◆ Aim of the task:
Copy, word for word, the lines of the entries below between the one with "Used 2025 Subaru" and the one with "Reloj de Alta", inclusive, and leave out everything else.

Supplied data START

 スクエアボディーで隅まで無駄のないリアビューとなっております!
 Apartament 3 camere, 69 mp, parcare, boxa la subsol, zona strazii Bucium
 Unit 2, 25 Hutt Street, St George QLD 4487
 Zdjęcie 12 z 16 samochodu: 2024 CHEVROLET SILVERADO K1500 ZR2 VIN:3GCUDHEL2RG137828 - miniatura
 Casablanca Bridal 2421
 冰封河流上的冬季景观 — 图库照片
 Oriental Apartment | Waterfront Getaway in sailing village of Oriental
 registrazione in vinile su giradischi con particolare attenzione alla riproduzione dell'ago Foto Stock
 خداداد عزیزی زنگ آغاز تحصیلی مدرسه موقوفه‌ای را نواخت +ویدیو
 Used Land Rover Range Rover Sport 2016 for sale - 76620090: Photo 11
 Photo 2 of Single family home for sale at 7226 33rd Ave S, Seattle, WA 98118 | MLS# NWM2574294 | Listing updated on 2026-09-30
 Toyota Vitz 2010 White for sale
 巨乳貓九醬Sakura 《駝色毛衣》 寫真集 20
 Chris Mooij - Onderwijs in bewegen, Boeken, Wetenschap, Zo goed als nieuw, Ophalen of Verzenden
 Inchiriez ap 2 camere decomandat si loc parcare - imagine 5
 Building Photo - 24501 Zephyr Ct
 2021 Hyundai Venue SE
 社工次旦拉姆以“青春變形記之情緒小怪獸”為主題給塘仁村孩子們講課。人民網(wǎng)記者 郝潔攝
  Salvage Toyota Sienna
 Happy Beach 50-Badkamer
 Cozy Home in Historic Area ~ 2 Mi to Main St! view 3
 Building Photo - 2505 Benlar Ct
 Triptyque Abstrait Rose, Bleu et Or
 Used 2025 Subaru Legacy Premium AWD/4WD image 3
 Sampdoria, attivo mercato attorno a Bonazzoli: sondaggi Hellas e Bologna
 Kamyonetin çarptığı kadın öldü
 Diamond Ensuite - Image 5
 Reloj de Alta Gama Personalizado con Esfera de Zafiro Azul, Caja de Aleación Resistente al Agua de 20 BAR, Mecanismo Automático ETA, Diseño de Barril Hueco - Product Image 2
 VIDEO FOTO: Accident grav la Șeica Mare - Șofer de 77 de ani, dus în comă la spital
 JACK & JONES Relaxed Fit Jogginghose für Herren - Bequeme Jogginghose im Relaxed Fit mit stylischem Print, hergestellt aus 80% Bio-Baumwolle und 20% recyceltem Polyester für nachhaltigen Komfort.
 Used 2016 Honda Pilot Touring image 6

Supplied data END

◆ Answer for the task:
 Used 2025 Subaru Legacy Premium AWD/4WD image 3
 Sampdoria, attivo mercato attorno a Bonazzoli: sondaggi Hellas e Bologna
 Kamyonetin çarptığı kadın öldü
 Diamond Ensuite - Image 5
 Reloj de Alta Gama Personalizado con Esfera de Zafiro Azul, Caja de Aleación Resistente al Agua de 20 BAR, Mecanismo Automático ETA, Diseño de Barril Hueco - Product Image 2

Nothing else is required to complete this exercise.